Payment transactions, once one of the most important pillars of earnings for banks and savings banks are in a state of change. In today’s guest post, causes and backgrounds are analyzed using an example from the field of credit cards. for further clarification

PayPal is changing the market

PayPal is changing the market

If you are currently talking about payment transactions, the name “PayPal” occurs in every second sentence. Classic, especially lending, procedures, especially in internet-based payment transactions, have fallen significantly in recent years. This fact is clearly evident in the Internet Payment Transactions studies that have been carried out regularly since 1998. As early as 2000, the credit card was the third most used online payment method in Germany (after cash on delivery and transfer, before direct debit and other procedures).

In 2013 the purchase on account takes place, followed by direct debit, PayPal, advance payment, immediate transfer and only then comes the credit card. This development is also reflected in the commission income from banks and savings banks. There are no significant commission revenues for the five most important procedures.

Apart from the commission income of the retail banks, these shifts in usage behavior have an even greater impact on the credit card acquiring business model. Traditionally, the card acceptance merchant business was with banking companies.

As a rule, the companies only supply the trade with the necessary contracts for card acceptance. The actual operational processing of a transaction takes place separately via a network operator/payment service provider with which a trader has to conclude another contract. This separation between acquiring and network operation is currently very much in motion and the fronts are shifting for three reasons:

  1. Increasing complexity through new payment methods.
  2. Vertical integration – the boundaries between business models are blurring.
  3. Migration is offline to online – multichannel trading.

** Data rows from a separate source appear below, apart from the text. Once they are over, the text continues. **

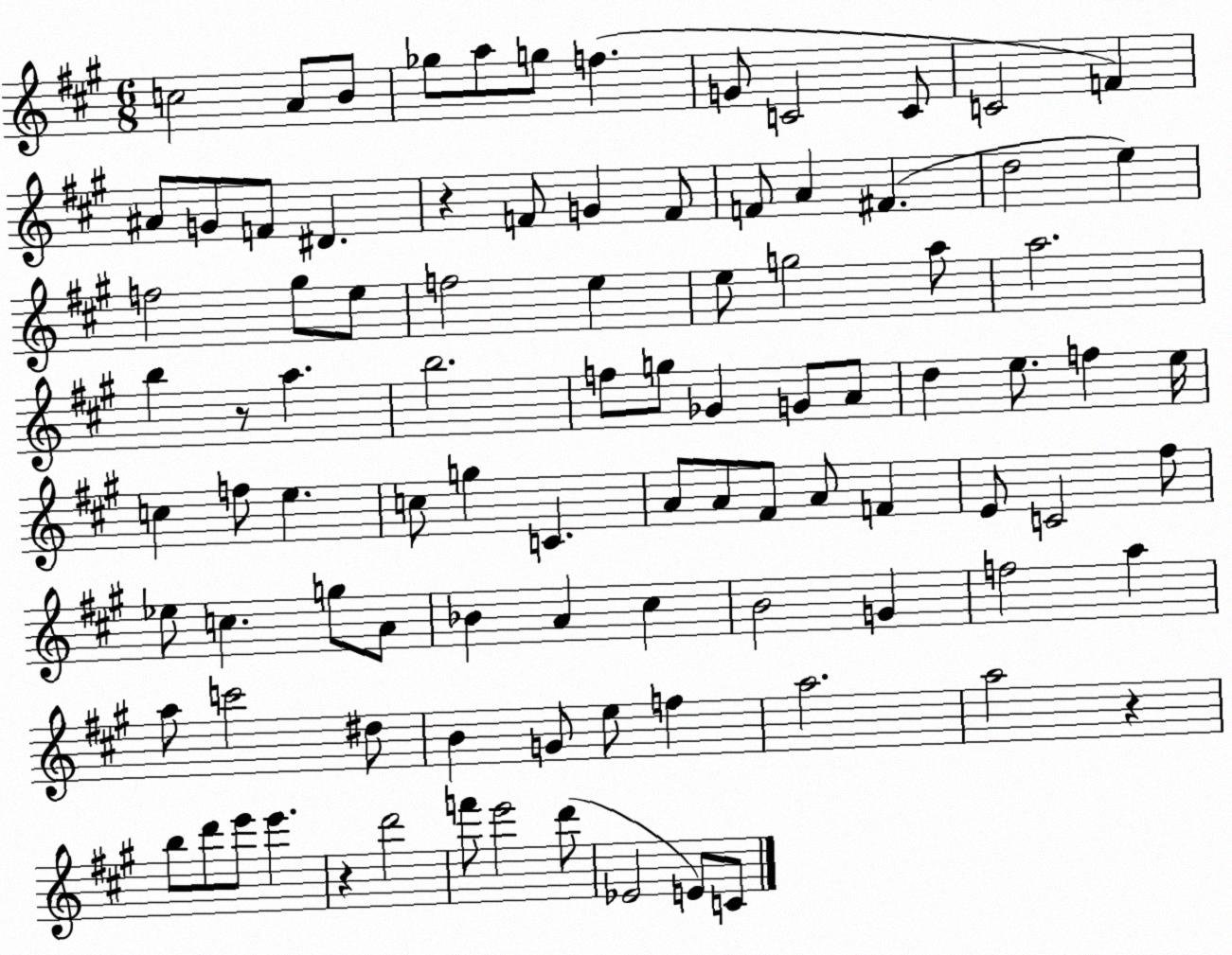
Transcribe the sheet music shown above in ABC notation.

X:1
T:Untitled
M:6/8
L:1/4
K:A
c2 A/2 B/2 _g/2 a/2 g/2 f G/2 C2 C/2 C2 F ^A/2 G/2 F/2 ^D z F/2 G F/2 F/2 A ^F d2 e f2 ^g/2 e/2 f2 e e/2 g2 a/2 a2 b z/2 a b2 f/2 g/2 _G G/2 A/2 d e/2 f e/4 c f/2 e c/2 g C A/2 A/2 ^F/2 A/2 F E/2 C2 ^f/2 _e/2 c g/2 A/2 _B A ^c B2 G f2 a a/2 c'2 ^d/2 B G/2 e/2 f a2 a2 z b/2 d'/2 e'/2 e' z d'2 f'/2 e'2 d'/2 _E2 E/2 C/2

These reasons are examined in more detail below.

Increasing complexity through new payment methods


The study impressively shows how new payment methods have established themselves in online payment. The payment behavior in online games can serve as a proxy for the future use of payment methods by the so-called digital natives. These grew up playfully with the technologies known today in school/childhood.

Bigpoint, a leading global developer, and provider of online games is already showing a different payment behavior today. The majority of adolescents and young adults no longer use banks’ traditional payment methods. It is unlikely that this behavior will change significantly as adolescents get older.

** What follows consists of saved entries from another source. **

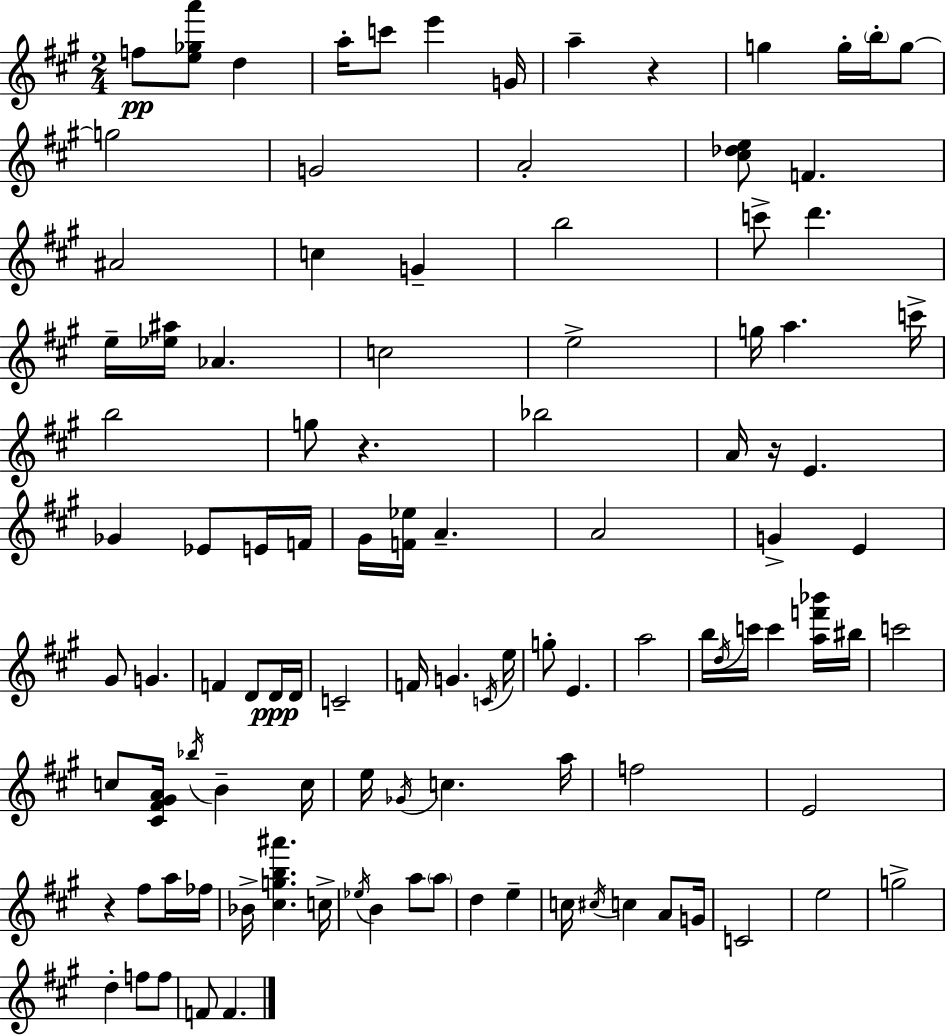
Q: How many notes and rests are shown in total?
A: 107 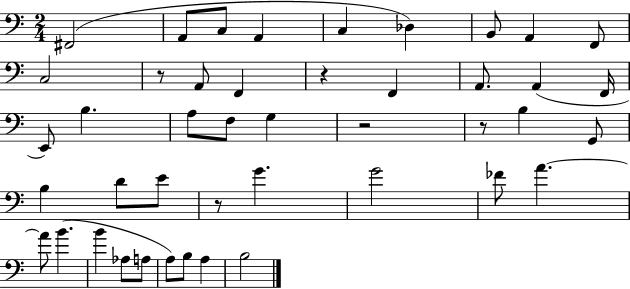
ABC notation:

X:1
T:Untitled
M:2/4
L:1/4
K:C
^F,,2 A,,/2 C,/2 A,, C, _D, B,,/2 A,, F,,/2 C,2 z/2 A,,/2 F,, z F,, A,,/2 A,, F,,/4 E,,/2 B, A,/2 F,/2 G, z2 z/2 B, G,,/2 B, D/2 E/2 z/2 G G2 _F/2 A A/2 B B _A,/2 A,/2 A,/2 B,/2 A, B,2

With an increase in externally processed payment methods (prepayment, cash on delivery, etc., the merchant usually processes itself), the added value in payment transactions shifts more to the payment service provider (PSP). Payment service providers handle a variety of payment methods for merchants via a single interface. The more fragmented the payment mix becomes, the more important is the role of the service provider who consolidates the multitude of processes.

A credit card acquirer is only one of many payment providers and is therefore only perceived as a pure processor in the background (behind the payment service provider). The decline in the importance of credit cards in the payment mix is ​​further encouraging this development. The business model, therefore, faces even greater commoditization and price competition, while differentiation and service lie with the payment service provider.

Vertical integration – the boundaries between business models are blurring

Vertical integration - the boundaries between business models are blurring

In recent years, the business models of the payment service provider/network operator and the acquirer have come very close. Payment service providers, in particular, have acquired their own acquiring licenses or act as resellers of acquirers.

With many payment service providers who also handle the acquiring business, it is no longer transparent who the actual acquirer is in the background. Often, the acquirer is selected by the payment service provider at the transaction level, for example, according to the least cost routing or based on approval/rejection rates per country and merchant segment.